"Waktu terus beranjak, Ka. Jangan menghujaniku dengan syair-syair memabukkan," suaraku tertcekat di tenggorokan. Merupa embusan angin.
"Baiklah. Sini, mendekatlah." Raka meraih pundakku. Lalu dengan tenang membisikkan sesuatu di telingaku.
***
Derap kaki kuda terdengar riuh memasuki halaman pendapa. Ayahanda --- Mpu Purwa dan para tetua sudah berdiri berjajar. Rapi. Siap menyambut iring-iringan tamu yang diutus oleh Jaka Lola.

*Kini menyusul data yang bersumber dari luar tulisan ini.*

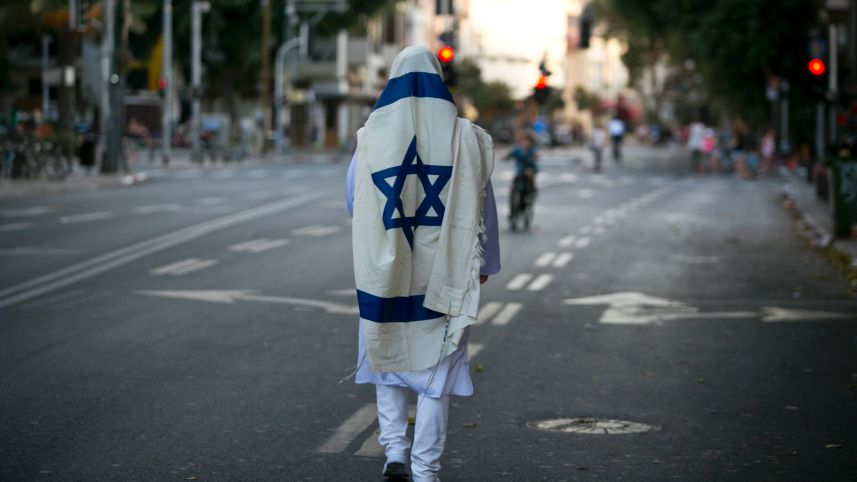 A man wrapped in a prayer shawl walks through a deserted Tel Aviv street on Yom Kippur, Israel, 2016. Credit: Ofer Vaknin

Sementara aku duduk bersimpuh di atas lantai dingin pendapa, ditemani Ibu. Tak ada senyum menghiasi wajah kami. Juga tak ada sekelumit kata yang terucap. Suasana hening, mamring, dan bisu.

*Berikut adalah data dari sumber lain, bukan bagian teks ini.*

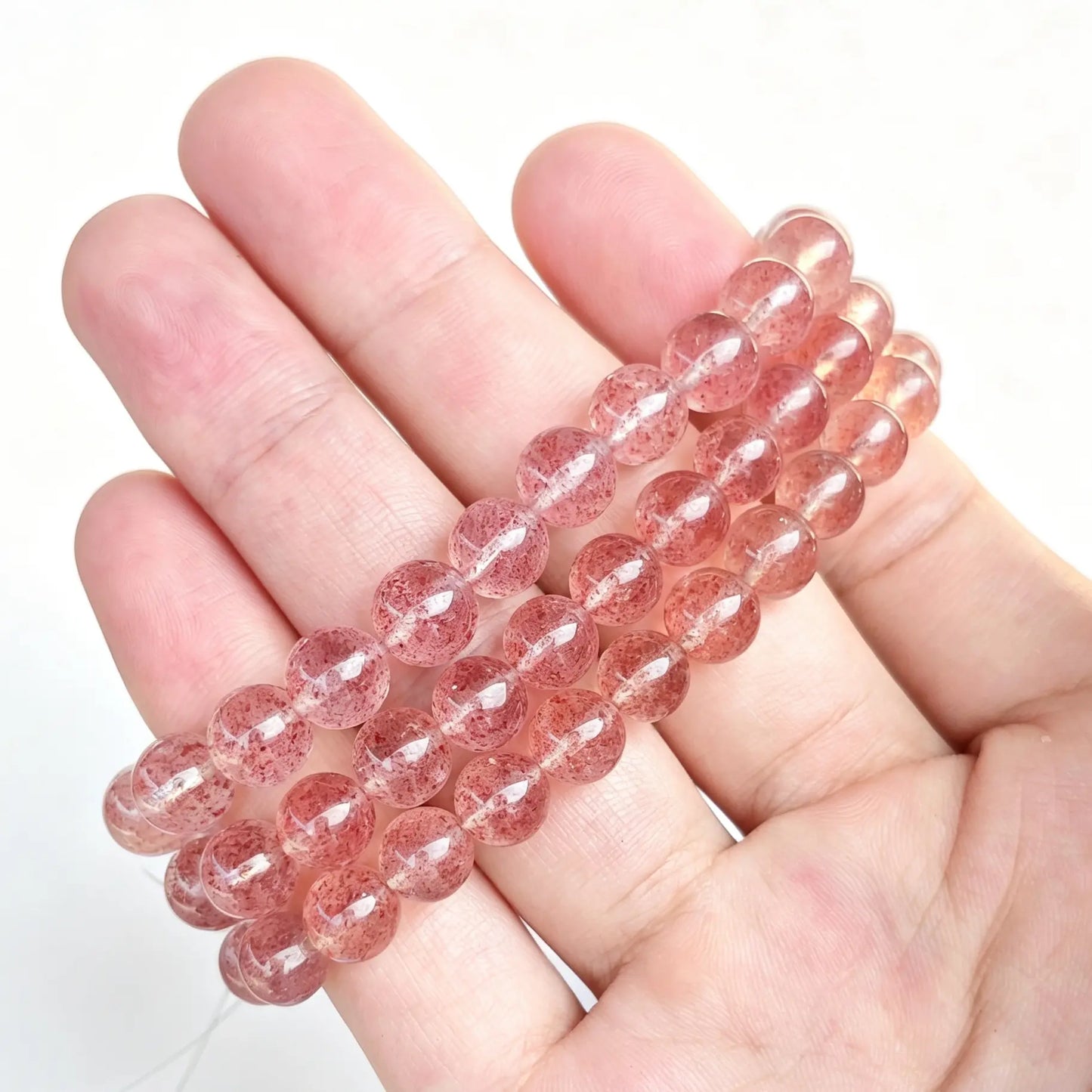 Main handheld view of pink strawberry quartzite round bead stretch bracelets stacked on open hand showing subtle red speckled inclusions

Sampai kemudian Ayahanda membawa salah seorang utusan Jaka Lola masuk menemuiku.
"Ada pesan yang bisa hamba sampaikan kepada junjungan kami?" Utusan itu membungkukkan badan ke arahku.
"Ya. Tolong sampaikan kepada tuanmu. Ken Dedes minta dibuatkan sebuah sendang padusan. Hanya dalam waktu semalam!" Aku berkata tegas. Â
Lalu mataku beralih ke arah Ayahanda.Â
Kulihat wajah lelaki bijak itu mendadak berubah pucat dan begitu renta.
***
Membuat sendang padusan dalam waktu semalam? Kami --- aku dan Raka, tertawa-tawa. Mana mungkin Jaka Lola mampu melakukannya? Sepintar dan sesakti apa pun dia.
Tapi tunggu dulu! Jangan terburu menganggap enteng kemampuan Jaka Lola. Kiranya lelaki itu adalah lelaki sakti mandraguna. Juga seorang pejuang cinta yang gigih.